Aim of the exercise – Below are the records. Retype, exactly, the lines from the first through the line with "Xiaomi Lofree Lighted", and leave out the pictures.

*** Input records Section Begins ***

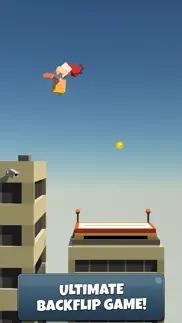 backflipper: flip city & space iphone screenshot 4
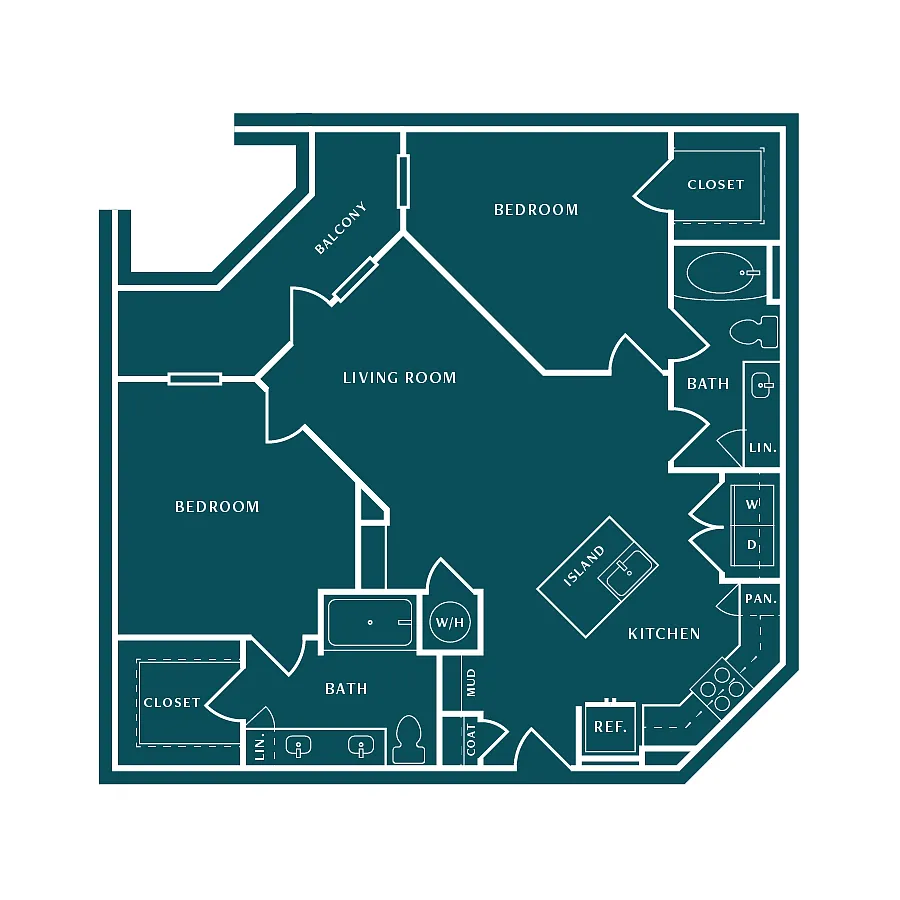 Floor plan B2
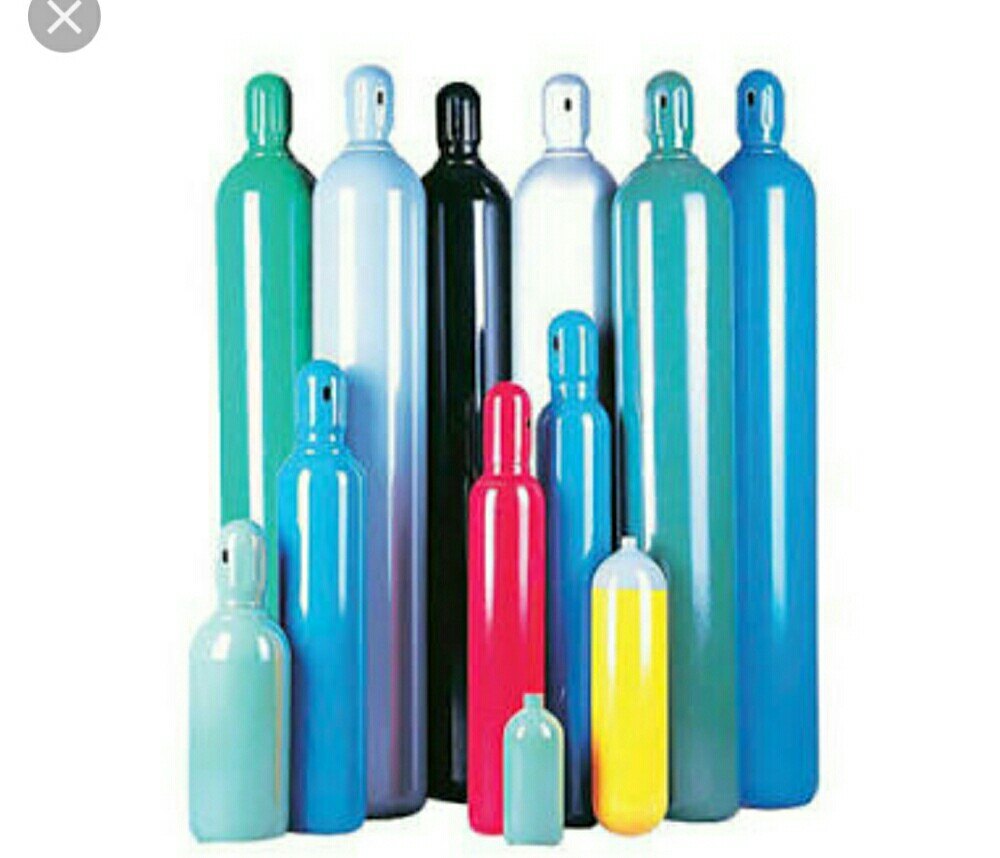 Seamless Empty Oxygen Cylinder
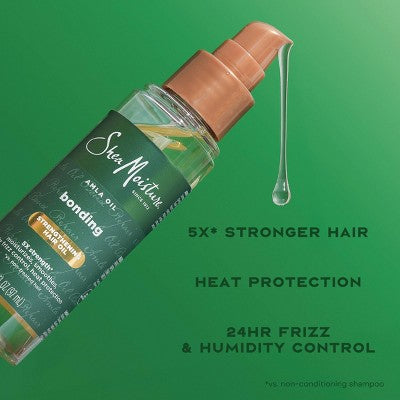 SheaMoisture Bond Repair Hair Oil 3.3 fl oz - Missing Lid
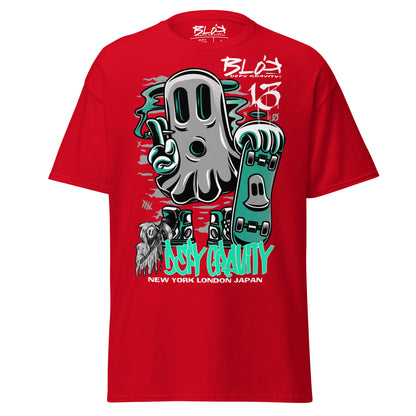 Ghosting - Front Print - Men's Loose Fit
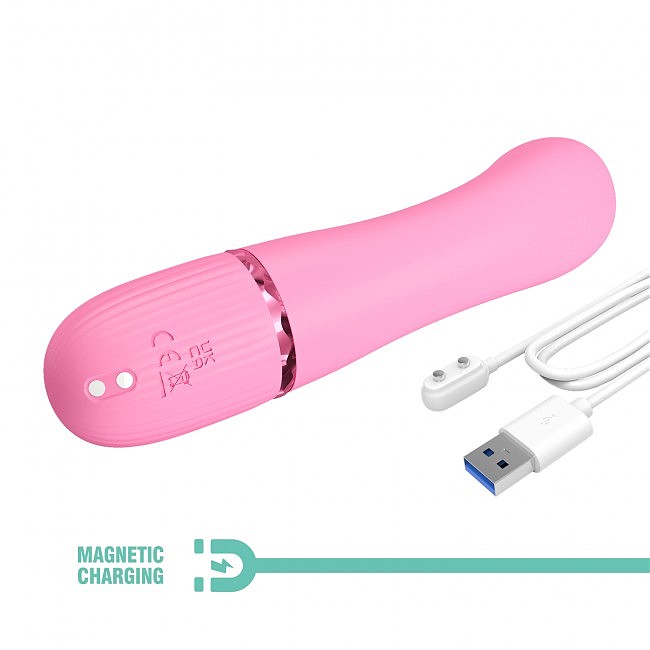 - Pretty Love Marski Vibrator Pink, , 10  , 18  3,6 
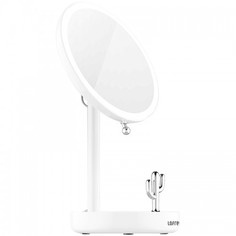 Xiaomi Lofree Lighted Makeup Mirror Зеркало для макияжа White
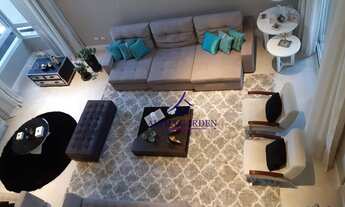 Imagem 4: Sobrado com 4 dormitórios à venda, 550 m² por R$ 6.700.000,00 - Tamboré 10 - Santana de Pa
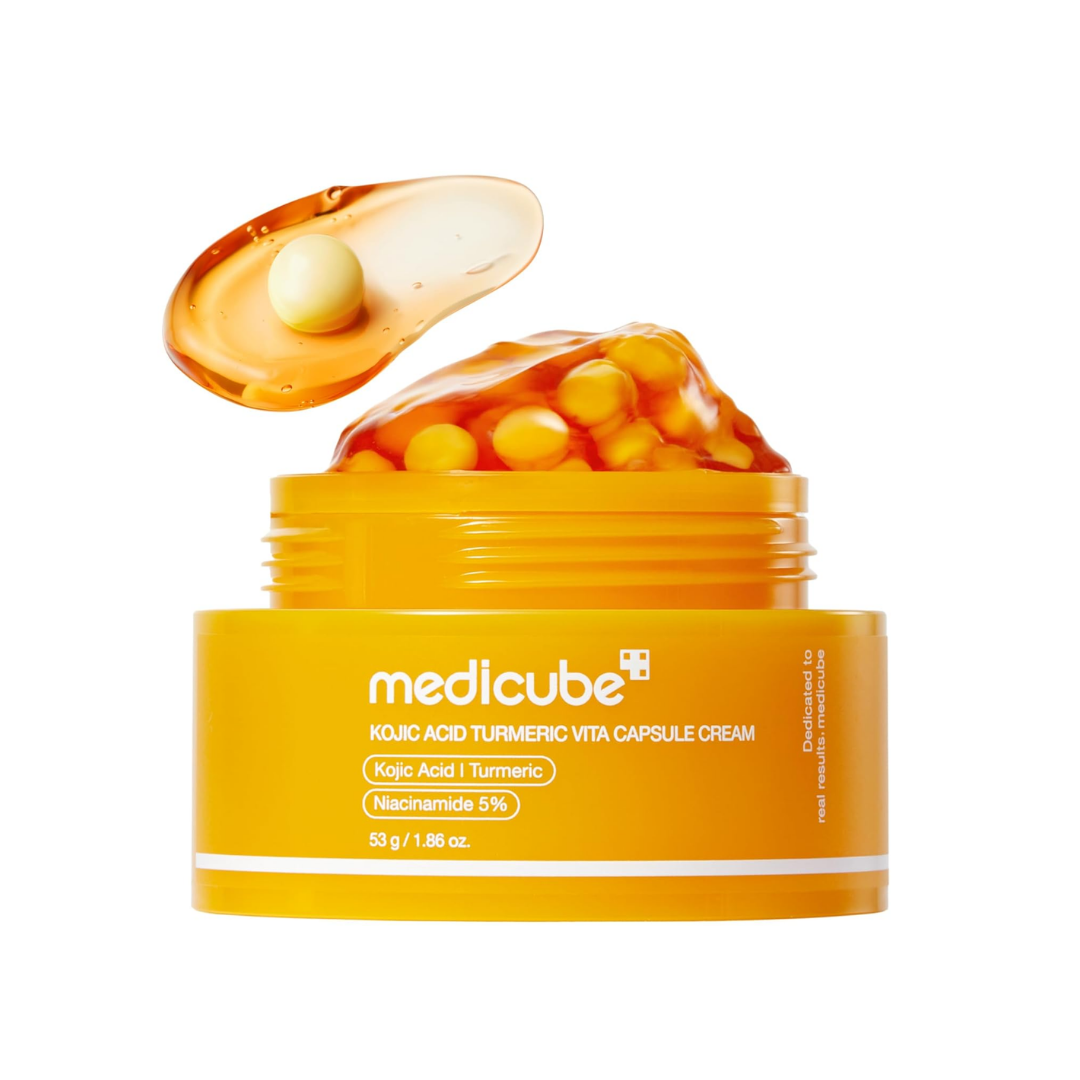 Medicube Kojic Acid Turmeric Vita Capsule Cream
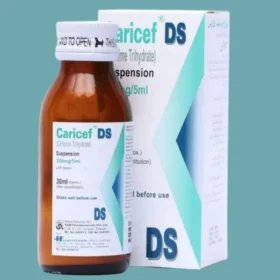 Caricef DS Syrup 200mg/5ml
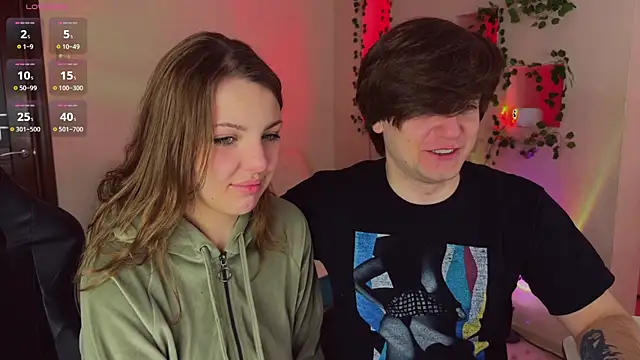 RobertAndLinela online show from 04.22.26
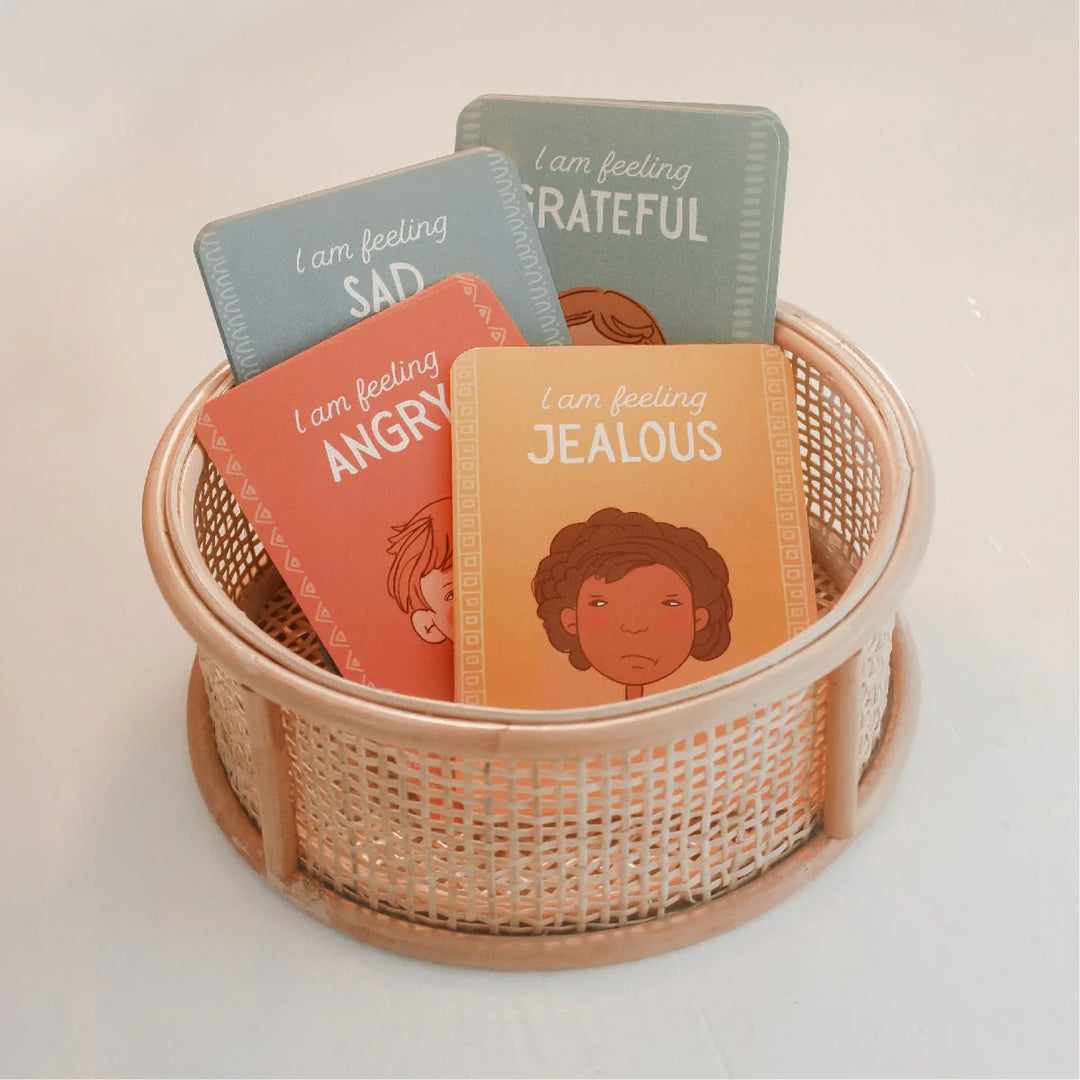 The Creative Sprout Emotion Affirmation Cards for Kids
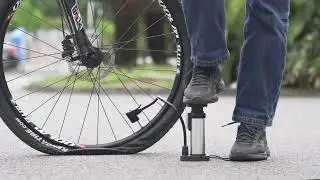 Mini Bike Floor Pumps, Lightweight & Portable & Covenient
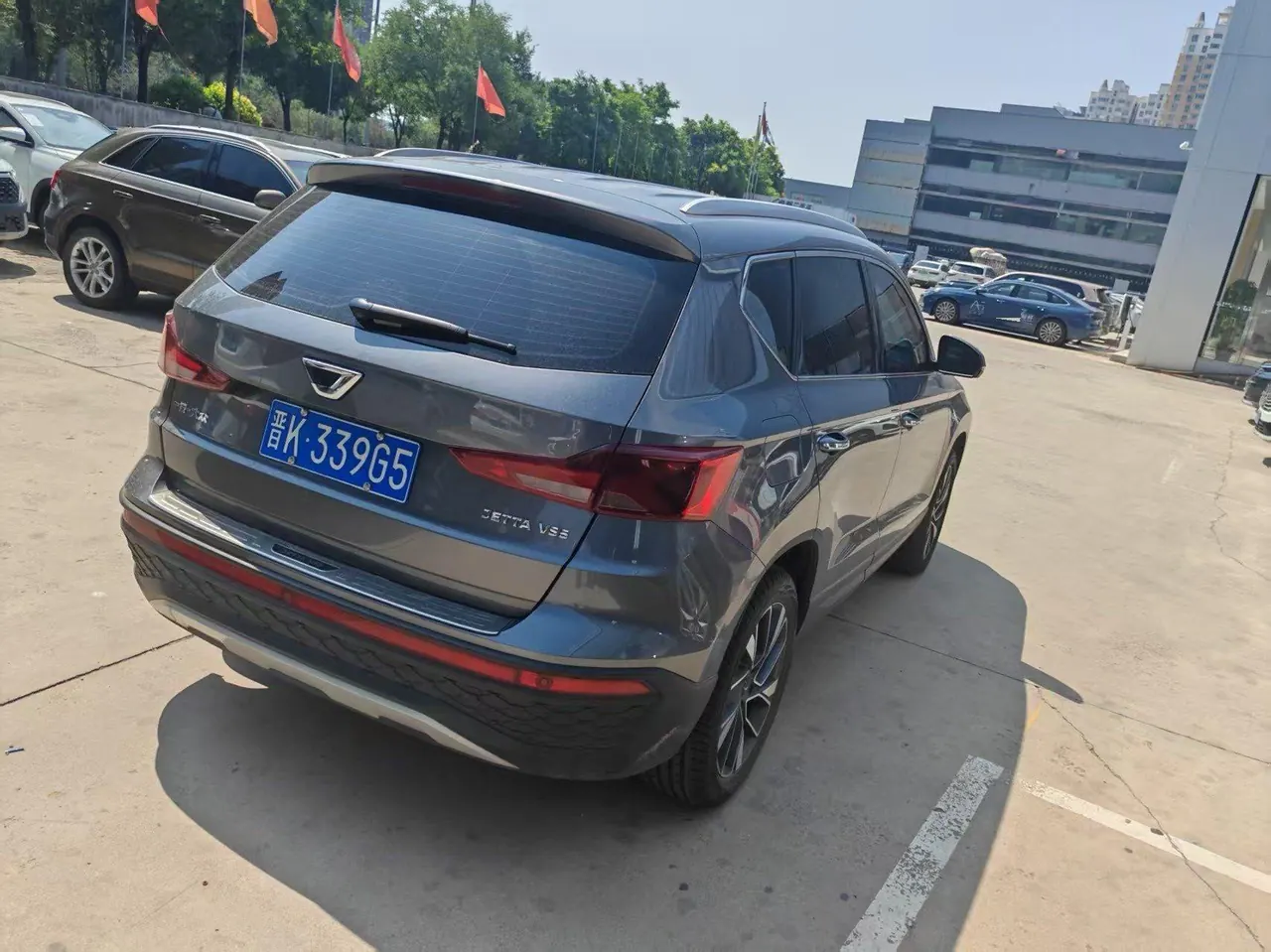 Jetta 2022 Jetta VS5 1.4TSI 280TSI high-gloss glory automatic transmission 2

*** Input records Section Ends ***

Solution for this task –
 backflipper: flip city & space iphone screenshot 4
 Floor plan B2
 Seamless Empty Oxygen Cylinder
 SheaMoisture Bond Repair Hair Oil 3.3 fl oz - Missing Lid
 Ghosting - Front Print - Men's Loose Fit
 - Pretty Love Marski Vibrator Pink, , 10  , 18  3,6 
 Xiaomi Lofree Lighted Makeup Mirror Зеркало для макияжа White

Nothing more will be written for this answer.